Good afternoon members of the committee,
Members of Parliament and the other witnesses called upon to speak
on rural crime today. My name’s Nick Cornea and I am the founder and
president of Farmers Against Rural Crime, A Facebook page that I started up in
February to bring awareness and to push for changes on rural crime in Western
Canada. I may find it hard to keep this under 10 into a ten minute introduction,
but I am I am here today as one voice for the 17,500 members that I have on my
page from coast to coast. I’m a father of two And a third-generation farmer on a
farm near Moose Jaw Saskatchewan. We live near two large populated areas, Moose Jaw
and Regina. Living near these populated areas we face the challenges of rural
crime on a daily basis. Over the last eight months of this page being created
I have received hundreds upon hundreds of stories from people all over Canada
about crime in their area. Their firsthand experiences with the struggles
of handling theft financially and emotionally are, they’re, like [pause] They’re second to none. Some of the stories that have been told to me would break most people’s hearts Stories of families that show their children where to hide
in their house so if thieves do break into their house their children can be safe. Coming home from the school bus and having to run from their lane up into
the yard into the house lock the doors. Stories of people that put an 8-foot
chain-link fence with razor wire around their house They all have an automatic
opener for the gate to get into their house, They drive their vehicle in, they
close the gate, they then hit their garage door opener, open the garage door,
drive in, close the garage door and then unlock their house. That’s how bad some areas are in northern Saskatchewan. Victims are not losing… Victims are losing not only material goods, They’re losing livestock, pets, and even lately, a large Clydesdale horse To thieves just to make a quick buck. I’ve also heard the issues with response times of police In rural Western Canada even though we may only be 20 to 30 minute drive from the
nearest dettachment the response time of an officer may be from hours up to even
days to get out to our locations. This leaves us as, quote-unquote, “sitting ducks”

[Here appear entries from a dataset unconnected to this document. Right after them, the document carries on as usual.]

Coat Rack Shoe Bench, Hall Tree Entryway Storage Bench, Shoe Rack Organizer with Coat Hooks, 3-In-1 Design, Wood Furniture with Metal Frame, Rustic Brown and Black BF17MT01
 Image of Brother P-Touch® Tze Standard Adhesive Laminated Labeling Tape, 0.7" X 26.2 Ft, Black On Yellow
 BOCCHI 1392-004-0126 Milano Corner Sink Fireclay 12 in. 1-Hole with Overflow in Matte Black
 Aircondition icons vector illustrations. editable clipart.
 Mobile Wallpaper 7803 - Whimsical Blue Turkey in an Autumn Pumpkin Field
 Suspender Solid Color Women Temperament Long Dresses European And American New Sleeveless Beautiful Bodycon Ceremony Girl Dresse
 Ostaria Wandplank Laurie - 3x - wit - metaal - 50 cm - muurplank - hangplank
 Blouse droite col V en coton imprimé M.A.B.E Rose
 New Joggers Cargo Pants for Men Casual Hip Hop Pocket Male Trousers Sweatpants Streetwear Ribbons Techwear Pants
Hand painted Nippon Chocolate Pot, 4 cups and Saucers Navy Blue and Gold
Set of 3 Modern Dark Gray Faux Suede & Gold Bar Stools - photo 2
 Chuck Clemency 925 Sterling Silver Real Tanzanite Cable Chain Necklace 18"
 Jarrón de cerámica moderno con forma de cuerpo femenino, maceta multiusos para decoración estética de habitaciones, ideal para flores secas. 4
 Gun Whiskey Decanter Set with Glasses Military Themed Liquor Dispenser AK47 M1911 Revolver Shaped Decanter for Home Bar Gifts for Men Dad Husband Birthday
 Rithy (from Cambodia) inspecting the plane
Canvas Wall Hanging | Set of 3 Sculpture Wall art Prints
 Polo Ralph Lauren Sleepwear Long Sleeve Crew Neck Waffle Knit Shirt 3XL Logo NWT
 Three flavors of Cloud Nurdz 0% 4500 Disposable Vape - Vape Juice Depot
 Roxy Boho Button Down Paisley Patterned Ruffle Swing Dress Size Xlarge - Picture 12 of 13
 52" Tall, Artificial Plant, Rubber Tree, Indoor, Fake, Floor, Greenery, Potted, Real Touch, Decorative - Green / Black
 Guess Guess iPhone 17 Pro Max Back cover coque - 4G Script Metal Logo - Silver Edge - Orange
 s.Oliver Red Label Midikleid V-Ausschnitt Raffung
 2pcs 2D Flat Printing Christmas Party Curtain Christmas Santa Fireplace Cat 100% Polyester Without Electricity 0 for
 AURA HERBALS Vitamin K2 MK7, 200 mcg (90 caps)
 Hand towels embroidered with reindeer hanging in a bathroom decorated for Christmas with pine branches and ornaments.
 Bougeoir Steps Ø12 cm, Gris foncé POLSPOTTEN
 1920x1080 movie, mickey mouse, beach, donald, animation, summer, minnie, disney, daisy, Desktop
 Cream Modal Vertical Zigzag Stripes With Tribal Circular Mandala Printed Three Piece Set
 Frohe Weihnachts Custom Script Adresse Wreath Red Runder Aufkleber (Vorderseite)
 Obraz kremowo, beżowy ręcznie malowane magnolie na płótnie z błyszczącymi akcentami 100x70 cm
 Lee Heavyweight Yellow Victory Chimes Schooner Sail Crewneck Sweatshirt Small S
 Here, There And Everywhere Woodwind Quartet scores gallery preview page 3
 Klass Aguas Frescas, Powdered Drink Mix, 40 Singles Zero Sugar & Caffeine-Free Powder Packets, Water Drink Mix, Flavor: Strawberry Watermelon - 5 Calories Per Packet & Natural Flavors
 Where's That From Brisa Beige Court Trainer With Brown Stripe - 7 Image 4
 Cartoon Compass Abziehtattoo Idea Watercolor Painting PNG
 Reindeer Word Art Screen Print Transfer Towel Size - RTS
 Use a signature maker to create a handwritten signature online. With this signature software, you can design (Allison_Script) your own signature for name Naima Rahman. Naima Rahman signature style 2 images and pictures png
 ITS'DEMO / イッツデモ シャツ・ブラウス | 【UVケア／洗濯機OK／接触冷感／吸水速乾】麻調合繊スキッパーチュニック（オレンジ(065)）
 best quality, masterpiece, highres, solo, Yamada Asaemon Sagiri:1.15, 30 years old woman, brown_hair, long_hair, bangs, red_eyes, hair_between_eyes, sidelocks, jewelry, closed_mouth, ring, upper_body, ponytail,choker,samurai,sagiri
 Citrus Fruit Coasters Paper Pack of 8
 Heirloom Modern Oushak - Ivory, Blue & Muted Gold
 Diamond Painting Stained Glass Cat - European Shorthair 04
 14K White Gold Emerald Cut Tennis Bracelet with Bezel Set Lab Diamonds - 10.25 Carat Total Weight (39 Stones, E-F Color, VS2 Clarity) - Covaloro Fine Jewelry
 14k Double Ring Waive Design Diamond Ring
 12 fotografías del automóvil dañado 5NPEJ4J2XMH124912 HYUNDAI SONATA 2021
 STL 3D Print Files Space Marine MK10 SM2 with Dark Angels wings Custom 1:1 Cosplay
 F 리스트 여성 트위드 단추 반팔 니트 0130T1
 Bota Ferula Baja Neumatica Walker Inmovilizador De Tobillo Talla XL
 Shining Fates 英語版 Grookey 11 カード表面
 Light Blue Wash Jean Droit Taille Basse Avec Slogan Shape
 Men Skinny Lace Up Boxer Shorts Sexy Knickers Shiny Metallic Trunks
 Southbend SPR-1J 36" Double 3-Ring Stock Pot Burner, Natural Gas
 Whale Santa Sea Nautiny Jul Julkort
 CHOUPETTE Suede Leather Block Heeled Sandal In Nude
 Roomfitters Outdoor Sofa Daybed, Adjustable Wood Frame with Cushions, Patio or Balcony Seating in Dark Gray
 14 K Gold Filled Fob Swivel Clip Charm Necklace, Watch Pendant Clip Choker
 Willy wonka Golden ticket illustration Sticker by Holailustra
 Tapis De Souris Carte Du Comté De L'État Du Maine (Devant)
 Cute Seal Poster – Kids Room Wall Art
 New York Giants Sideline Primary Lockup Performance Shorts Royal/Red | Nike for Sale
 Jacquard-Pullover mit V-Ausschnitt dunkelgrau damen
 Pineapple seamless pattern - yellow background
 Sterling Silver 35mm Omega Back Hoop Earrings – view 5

for criminals to come out and get what they want and leave. We are then left
frightened, alone and fearing we may have to defend ourselves Which will put us into becoming a criminal and no longer the victim as we have seen with the
Maurice family in Okotoks Alberta. In Saskatchewan we have also seen an
increase in young offenders doing the crimes Some young offenders in the last
few months, as young as 11 years old being involved in break and enters and
thefts of motor vehicles. My group has made an outcry to have the age of the
Youth Criminal Justice Act reduced to the age of 14 to 15. These teenagers know
what they are doing and how to do it and And they do know the crime on their
record will be exonerated once they turn the age of 18. The lifetime criminals also know this and they use this to their advantage. In conclusion, the vast majority of our group would like to see the changes in the Youth Criminal
Justice Act, Stiffer penalties to the criminals, and stop that revolving door
from turning. Restitution for loss of goods and insurance premiums. Not only are possessions stolen, we then have to pay a deductible to get them back. Then, in turn, the insurance company raises our
premiums to get the money back for the for the money that they have given us. Faster response times for police and RCMP, Stationing one or two officers in
every small community would probably help the situation. Might not fix it but, would definitely help it. We would also like to see funding for mental health of the victims. Victims who suffer from anxiety and other issues stemming from the crime on their property I have one story in particular. A 26 year old woman
who farms and ranches with a neighbor, Every paycheck she saves money and goes
to the local – like over the year she’ll save her money from working on the
neighboring ranch – she goes to the local livestock auction buys one or two head
of Red Heifers, brings them back to her place and and tries to grow her herd. Her end goal is she wants to make a sustainable future for herself and her family. She’s been broken into in the last four years six times. Four in the last two years. One time in particular she came home All her doors were open,
her dogs were outside and her fences were left open She was scared. She didn’t
go in she went back to work she called her father and her boss. They went and
checked out the house. when she arrived after – when they said the coast was clear – she walked into complete devastation TV’s ripped off the walls and stolen,
they had literally jumped through the drywall Destroying the house from end to
end. And not only did they hurt her financially, they hurt her emotionally, Stealing her underwear drawer to take with them as a prized possession, Or some kind of trophy. These are things that our group would like to see change. We don’t want to live in fear for our lives and fear for our families. I myself have a 15 year old sister and a 13 year brother that help on the farm. I don’t want to have to have the radio phone call From being in the field
combining or driving the semi From my sister or my brother, saying there’s someone in our yard I don’t know what to do? I know a lot of you are from urban
areas and don’t realize that a tractor isn’t like a truck or a car. We do 20 kilometers an hour to 30 kilometers an hour down the road, in road gear. There is no mechanism to lock the door and generally all our doors are made of
glass so we have full view of our crop as we’re driving, spraying, combining, seeding other tillage properties there are other tillage parts in our farm. I never want to hear that phone call that my sister is being murdered raped taken advantage of because these criminals, once you see their face, then all of
a sudden, it’s fight or flight for them. So I know we’re a long distance
apart, But when you’re making your findings and doing your reports, Think of my family. Think of my four-year-old son. My one-year-old daughter. My 13 year old
brother. My 15 year old sister. And the fear that we have in our area with
criminals and theft. Because it’s not only the properties that we’re worried
about losing, it’s our family members. I’d like to thank you guys for inviting me
to be part of this inquiry. I hope together we can bring forth
changes to help combat this epidemic in rural Canada. I always finish on my
Facebook page with the slogan of our page, “Be vigilant and not
vigilantes.” Thank you!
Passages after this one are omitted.